Author Company Email URI
Austin Wright (editor) aaa@bzfx.net
Ben Hutton (editor) Postman ben@jsonschema.dev https://jsonschema.dev

Footnotes

  1. Note that the type keyword in this specification defines an "integer" type which is not part of the data model. Therefore a format attribute can be limited to numbers, but not specifically to integers. However, a numeric format can be used alongside the type keyword with a value of "integer", or could be explicitly defined to always pass if the number is not an integer, which produces essentially the same behavior as only applying to integers.

  2. Specifying the Format-Annotation vocabulary and enabling validation in an implementation should not be viewed as being equivalent to specifying the Format-Assertion vocabulary since implementations are not required to provide full validation support when the Format-Assertion vocabulary is not specified.

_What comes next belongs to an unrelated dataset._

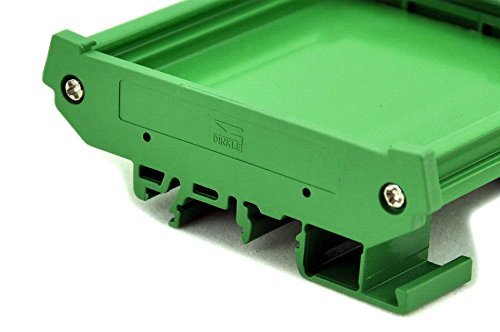 [Australia - AusPower] - Electronics-Salon DIN Rail Mount Carrier, for 137.35mm x 72mm PCB, Housing, Bracket. PCB 137.35mm*72mm 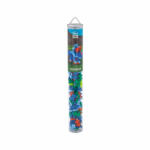 Plus-Plus Set constructie Plus-Plus, tub 100 piese, Triceratops (PP4094) - kidstory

  3. This matches the current reality of implementations, which provide widely varying levels of validation, including no validation at all, for some or all format attributes. It is also designed to encourage relying only on the annotation behavior and performing semantic validation in the application, which is the recommended best practice.

  4. The expectation is that for simple formats such as date-time, syntactic validation will be thorough. For a complex format such as email addresses, which are the amalgamation of various standards and numerous adjustments over time, with obscure and/or obsolete rules that may or may not be restricted by other applications making use of the value, a minimal validation is sufficient. For example, an instance string that does not contain an "@" is clearly not a valid email address, and an "email" or "hostname" containing characters outside of 7-bit ASCII is likewise clearly invalid.

  5. There is not currently consensus on the need for supporting all RFC 3339 formats, so this approach of reserving the namespace will encourage experimentation without committing to the entire set. Either the format implementation requirements will become more flexible in general, or these will likely either be promoted to fully specified attributes or dropped.

  6. This section to be removed before leaving Internet-Draft status.